**What you have to do**
Produce the same data once more, line for line.

___ Material supplied ___

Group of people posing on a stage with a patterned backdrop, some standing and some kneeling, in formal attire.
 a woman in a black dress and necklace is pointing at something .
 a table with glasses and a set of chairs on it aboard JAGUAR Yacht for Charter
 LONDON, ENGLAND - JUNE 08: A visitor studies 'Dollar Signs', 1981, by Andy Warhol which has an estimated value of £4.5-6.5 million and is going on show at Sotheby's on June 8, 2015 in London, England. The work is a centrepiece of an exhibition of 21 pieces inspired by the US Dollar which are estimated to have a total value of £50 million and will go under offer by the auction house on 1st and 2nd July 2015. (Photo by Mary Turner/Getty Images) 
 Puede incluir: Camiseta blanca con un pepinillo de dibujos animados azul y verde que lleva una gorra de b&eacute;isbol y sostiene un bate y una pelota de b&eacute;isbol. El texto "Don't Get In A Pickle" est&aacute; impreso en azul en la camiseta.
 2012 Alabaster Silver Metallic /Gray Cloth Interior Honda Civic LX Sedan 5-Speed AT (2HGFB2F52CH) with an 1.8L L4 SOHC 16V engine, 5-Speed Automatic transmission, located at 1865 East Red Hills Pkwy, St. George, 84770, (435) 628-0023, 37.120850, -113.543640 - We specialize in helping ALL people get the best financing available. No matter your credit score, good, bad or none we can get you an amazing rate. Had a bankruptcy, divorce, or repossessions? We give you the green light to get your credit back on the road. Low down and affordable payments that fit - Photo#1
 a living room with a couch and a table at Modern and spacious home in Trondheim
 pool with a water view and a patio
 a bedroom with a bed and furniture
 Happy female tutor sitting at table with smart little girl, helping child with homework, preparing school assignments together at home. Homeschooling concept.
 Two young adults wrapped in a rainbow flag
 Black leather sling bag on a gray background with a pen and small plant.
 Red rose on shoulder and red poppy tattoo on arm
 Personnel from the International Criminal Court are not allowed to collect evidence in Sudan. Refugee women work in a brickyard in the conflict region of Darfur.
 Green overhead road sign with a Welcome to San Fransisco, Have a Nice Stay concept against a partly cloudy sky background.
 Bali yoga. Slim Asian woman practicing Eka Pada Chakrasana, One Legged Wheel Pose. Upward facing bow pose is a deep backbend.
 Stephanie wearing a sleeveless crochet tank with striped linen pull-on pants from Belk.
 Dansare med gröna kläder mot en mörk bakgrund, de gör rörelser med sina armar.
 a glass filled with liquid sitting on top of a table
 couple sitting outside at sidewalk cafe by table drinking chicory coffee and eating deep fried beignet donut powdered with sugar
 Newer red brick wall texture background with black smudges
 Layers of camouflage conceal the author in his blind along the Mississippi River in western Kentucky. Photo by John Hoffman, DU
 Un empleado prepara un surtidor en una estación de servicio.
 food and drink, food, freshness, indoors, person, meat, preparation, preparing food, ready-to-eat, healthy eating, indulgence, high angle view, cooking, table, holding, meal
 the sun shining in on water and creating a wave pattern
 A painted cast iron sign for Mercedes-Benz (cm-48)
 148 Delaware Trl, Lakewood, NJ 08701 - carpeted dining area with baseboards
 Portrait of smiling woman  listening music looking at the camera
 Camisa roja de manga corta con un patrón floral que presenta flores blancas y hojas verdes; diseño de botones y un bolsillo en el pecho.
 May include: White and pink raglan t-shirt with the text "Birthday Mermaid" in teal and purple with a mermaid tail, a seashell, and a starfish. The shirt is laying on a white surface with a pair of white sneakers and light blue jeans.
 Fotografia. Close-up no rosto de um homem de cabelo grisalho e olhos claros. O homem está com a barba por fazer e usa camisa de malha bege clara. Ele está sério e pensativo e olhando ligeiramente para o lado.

___

**Solution below**
Group of people posing on a stage with a patterned backdrop, some standing and some kneeling, in formal attire.
 a woman in a black dress and necklace is pointing at something .
 a table with glasses and a set of chairs on it aboard JAGUAR Yacht for Charter
 LONDON, ENGLAND - JUNE 08: A visitor studies 'Dollar Signs', 1981, by Andy Warhol which has an estimated value of £4.5-6.5 million and is going on show at Sotheby's on June 8, 2015 in London, England. The work is a centrepiece of an exhibition of 21 pieces inspired by the US Dollar which are estimated to have a total value of £50 million and will go under offer by the auction house on 1st and 2nd July 2015. (Photo by Mary Turner/Getty Images) 
 Puede incluir: Camiseta blanca con un pepinillo de dibujos animados azul y verde que lleva una gorra de b&eacute;isbol y sostiene un bate y una pelota de b&eacute;isbol. El texto "Don't Get In A Pickle" est&aacute; impreso en azul en la camiseta.
 2012 Alabaster Silver Metallic /Gray Cloth Interior Honda Civic LX Sedan 5-Speed AT (2HGFB2F52CH) with an 1.8L L4 SOHC 16V engine, 5-Speed Automatic transmission, located at 1865 East Red Hills Pkwy, St. George, 84770, (435) 628-0023, 37.120850, -113.543640 - We specialize in helping ALL people get the best financing available. No matter your credit score, good, bad or none we can get you an amazing rate. Had a bankruptcy, divorce, or repossessions? We give you the green light to get your credit back on the road. Low down and affordable payments that fit - Photo#1
 a living room with a couch and a table at Modern and spacious home in Trondheim
 pool with a water view and a patio
 a bedroom with a bed and furniture
 Happy female tutor sitting at table with smart little girl, helping child with homework, preparing school assignments together at home. Homeschooling concept.
 Two young adults wrapped in a rainbow flag
 Black leather sling bag on a gray background with a pen and small plant.
 Red rose on shoulder and red poppy tattoo on arm
 Personnel from the International Criminal Court are not allowed to collect evidence in Sudan. Refugee women work in a brickyard in the conflict region of Darfur.
 Green overhead road sign with a Welcome to San Fransisco, Have a Nice Stay concept against a partly cloudy sky background.
 Bali yoga. Slim Asian woman practicing Eka Pada Chakrasana, One Legged Wheel Pose. Upward facing bow pose is a deep backbend.
 Stephanie wearing a sleeveless crochet tank with striped linen pull-on pants from Belk.
 Dansare med gröna kläder mot en mörk bakgrund, de gör rörelser med sina armar.
 a glass filled with liquid sitting on top of a table
 couple sitting outside at sidewalk cafe by table drinking chicory coffee and eating deep fried beignet donut powdered with sugar
 Newer red brick wall texture background with black smudges
 Layers of camouflage conceal the author in his blind along the Mississippi River in western Kentucky. Photo by John Hoffman, DU
 Un empleado prepara un surtidor en una estación de servicio.
 food and drink, food, freshness, indoors, person, meat, preparation, preparing food, ready-to-eat, healthy eating, indulgence, high angle view, cooking, table, holding, meal
 the sun shining in on water and creating a wave pattern
 A painted cast iron sign for Mercedes-Benz (cm-48)
 148 Delaware Trl, Lakewood, NJ 08701 - carpeted dining area with baseboards
 Portrait of smiling woman  listening music looking at the camera
 Camisa roja de manga corta con un patrón floral que presenta flores blancas y hojas verdes; diseño de botones y un bolsillo en el pecho.
 May include: White and pink raglan t-shirt with the text "Birthday Mermaid" in teal and purple with a mermaid tail, a seashell, and a starfish. The shirt is laying on a white surface with a pair of white sneakers and light blue jeans.
 Fotografia. Close-up no rosto de um homem de cabelo grisalho e olhos claros. O homem está com a barba por fazer e usa camisa de malha bege clara. Ele está sério e pensativo e olhando ligeiramente para o lado.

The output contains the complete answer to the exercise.